- Also known as: One on One
- Created by: Žarko Dimitrioski
- Presented by: Žarko Dimitrioski
- Country of origin: Macedonia
- Original language: Macedonian
- No. of seasons: 12

Production
- Executive producer: Milan Dimitrioski
- Producer: 1on1 Agency
- Running time: 50 minutes

Original release
- Network: Kanal 5
- Release: 2008 – present

= Eden na Eden =

Eden na Eden (Еден на еден) is a Macedonian talk show that airs weekly on Kanal 5 TV. It is the highest rated talk show in the country and it is hosted by Žarko Dimitrioski, prominent media personality in Macedonia.

The first season of the show was broadcast in 2008 on A2 TV. For the second season it was moved up to A1 TV, where it aired until the closing of the TV-network in 2011. From the third season onward the show was broadcast on Alfa TV, and since its 7th season, it airs on the Telma TV-network.
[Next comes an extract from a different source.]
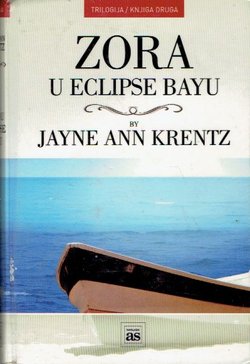 Zora u Eclipse Bayu. Trilogija Eclipse Bay III
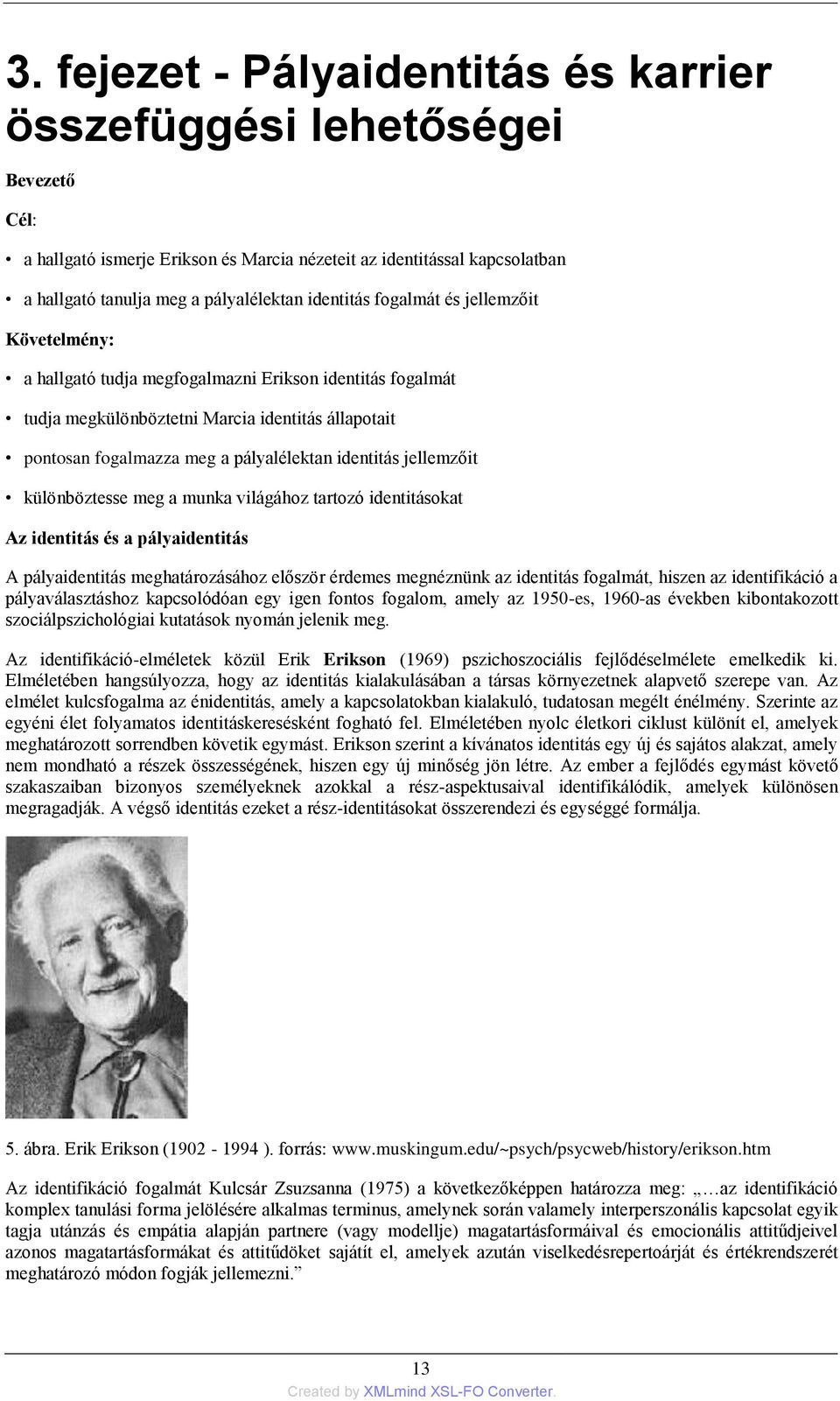 identitás jellemzőit különböztesse meg a munka világához tartozó identitásokat Az identitás és a pályaidentitás A pályaidentitás meghatározásához először érdemes megnéznünk az identitás fogalmát,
Starting October 2017th, Eden na Eden is broadcast on Kanal 5 TV. At the moment it is airing its 12th season.

The show's guests have been the most popular and famous actors, singers and athletes from the Balkan region, even politicians including: the Ambassador of USA in Macedonia Jess Baily, Nikola Dimitrov, Stevo Pendarovski, Gordana Siljanovska Davkova and others. The show has regular guests that have appeared multiple times during the years including Zdravko Colic, Lepa Brena, Goran Bregovic, Vlado Georgiev, Željko Samardžić, Nina Badrić, Kaliopi, Jelena Rozga, Tijana Dapčević, Ana Bekuta, Šaban Šaulić, Karolina Gočeva, Dragan Bjelogrlić, Kiki Lesendrić, Rade Šerbedžija, Vlatko Stefanovski, Igor Dzambazov, Sasko Kocev, Grandmaster Flash, Blackstreet, Tamara Todevska, Goran Pandev, Eljif Elmas, and many others.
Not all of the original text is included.